Papias, the Bishop of Hierapolis, who reigned when Hadrian was emperor of Rome which was from 117-138 AD is usually assumed to have given the first unmistakeable evidences that the gospels existed or were circulated.
 
Papias speaks of a gospel written by Mark. But he complains that this gospel was dreadfully disorganised. It cannot be the Gospel of Mark that we have now he means, for it has been put together with sufficient skill.
 
Read what FF Bruce wrote about him. He wrote that Papias “preferred oral tradition to written records. ‘I did not suppose,’ said Papias, ‘that what I could get from the books would help me so much as what I could get from a living a abiding voice’” (page 119).
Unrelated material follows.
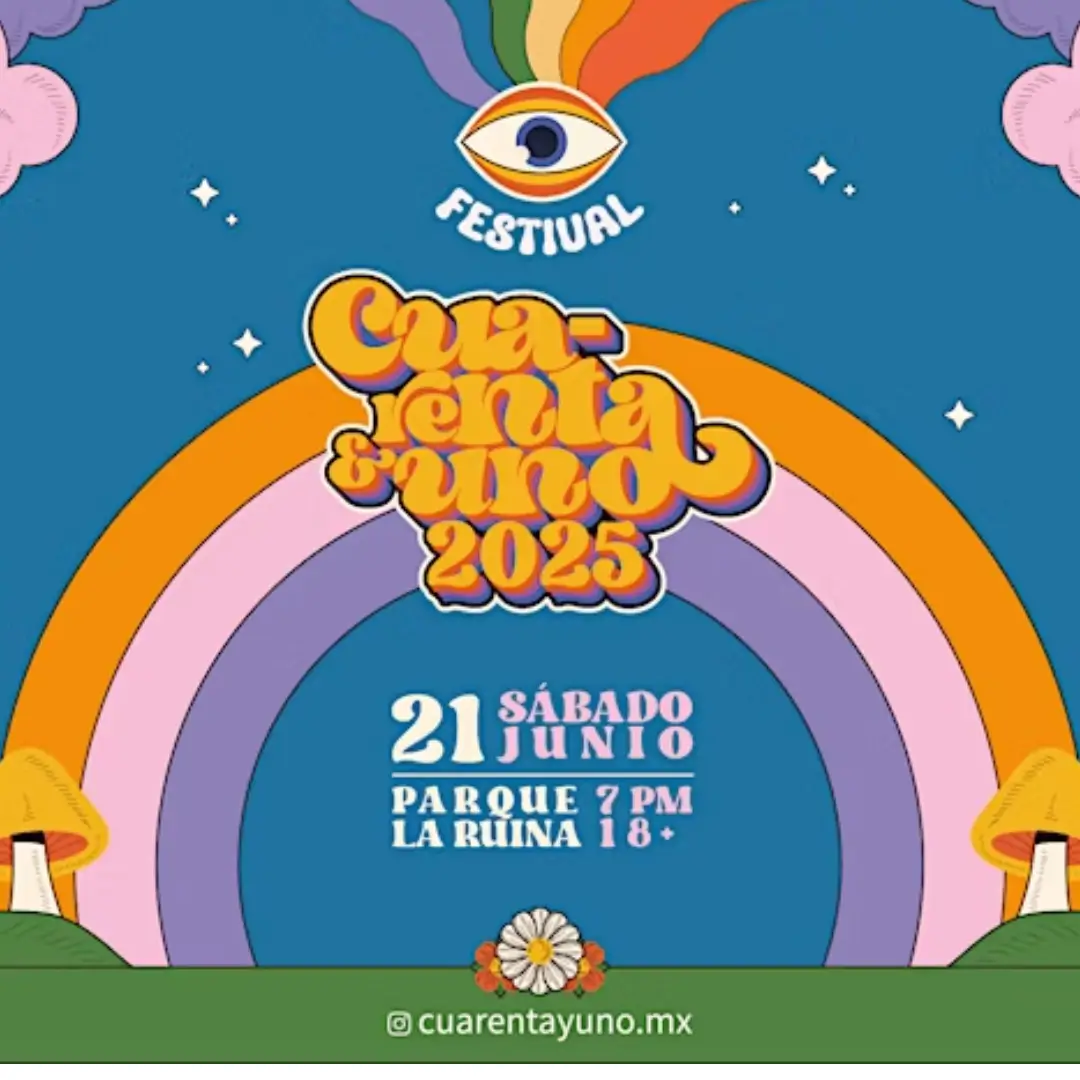 LGBTIQPA+ Festival Cuarenta y Uno 2025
In 125 AD, Papias said that he preferred oral tradition to books for it informed better. There could be no clearer indication that he did not have the complete gospels for they would be preferred to every other source by anyone claiming to be Christian. Who could deny that books are better and more reliable than oral stories? Only those who can’t find any coherent and credible books!  What the apostles wrote was more important than what the Church taught for the apostles being commissioned by Christ to teach his message were more reliable. Papias is evidence that the Church had no gospels written by the apostles.
 
 
ACTS OF THE APOSTLES
 
If the gospel of Luke was hidden then so was its sequel the book of Acts. Richard Carrier tells us, “Regardless of when Acts was written, it was not circulated to any notable degree until the mid-second century.” FF Bruce said that it is only after that time that the circulation of Acts is “amply attested.” Ben Witherington thought that the “manuscript had to be kept secret for a considerable period of time” in page 63 of his book The Acts of the Apostles (1998). The secrecy is interesting for there is no evidence at all that anybody did any fact checking about Jesus or his resurrection. Acts shows how the apostles (see Acts 2 where Peter uses only religious arguments and no evidence based ones and Acts 28 – where Paul when arguing for Jesus’ resurrection gives only evidence from prophecies and nothing else and thus proves that people were converting to the faith without regard for evidence or facts).
 
Acts is in fact more important than the gospels. Why? Because it tells us what the apostles who witnessed the resurrection thought of it and why it is true. The gospels never say that the apostles were that convinced or for long. It talks about the resurrection from an outsider point of view. Acts does not. A testimony about a witness is nothing compared to one from a witness. No Christian wants to depend on Acts alone for Acts is alone!! There is no corroboration for its claims.
 
CONCLUSION

There is no evidence at all that the Gospels were published within one hundred years after Jesus’ demise. Regarding that period it is no wonder that Robin Lane Fox described it as extremely difficult to figure out when the gospels were first quoted (page 124, The Unauthorized Version). There is no evidence that they were published for a long time after the end of the first century. Even if they were published they were not widely known or made important and even the highest people in the Church did not know of them. The words of Jesus were published before the acts of Jesus. Anybody could make up the words but the acts would be more difficult if the person did not exist or if a lot of lies were told about him. But if you make up the teachings first and get people to want to believe in the existence of the man who allegedly taught them it is easier to add in the alleged deeds later. The words differ from the gospels enough to indicate that the gospels were still evolving or were secret. These facts utterly destroy the credibility of Christianity for the secrecy speaks of having something to hide.  For all we know, maybe there never was a Jesus.